• **Assignment**
Before you write out the listing, remove the pictures; everything else stays exactly as it is.

• **Data block**
┌──

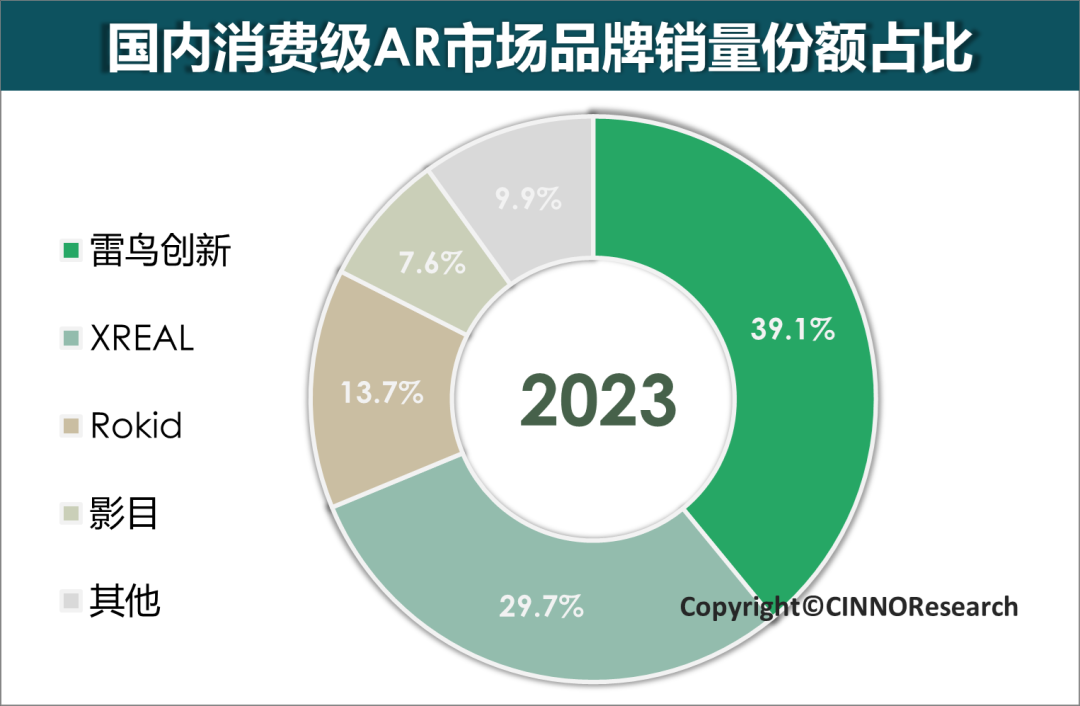 2023年國內(nèi)消費(fèi)級AR銷量22.7萬臺，同比增長138.9%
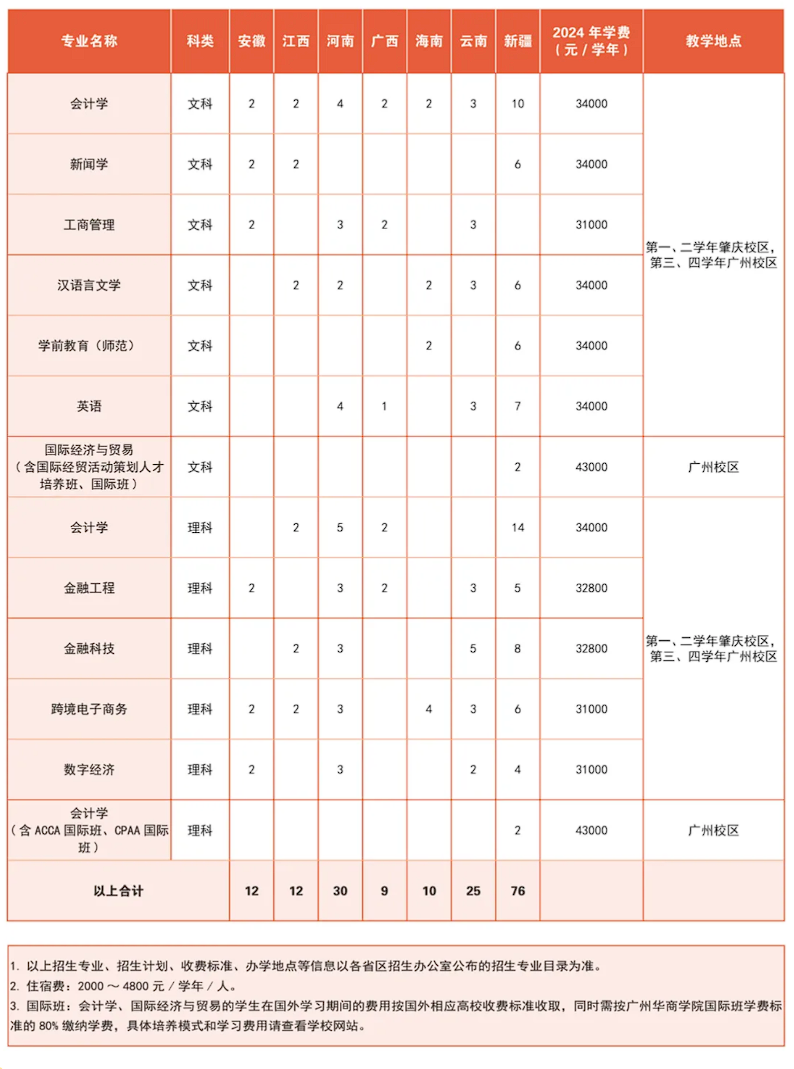 2024年普高省外招生计划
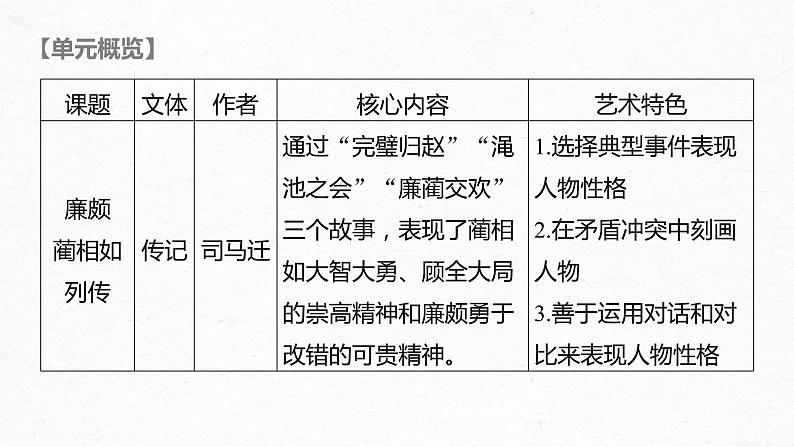 新高考语文第5部分 教学文言文点线面 必修4 课文1 廉颇蔺相如列传课件PPT第3页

└──

• **Answer space**
 2023年國內(nèi)消費(fèi)級AR銷量22.7萬臺，同比增長138.9%
 2024年普高省外招生计划
 新高考语文第5部分 教学文言文点线面 必修4 课文1 廉颇蔺相如列传课件PPT第3页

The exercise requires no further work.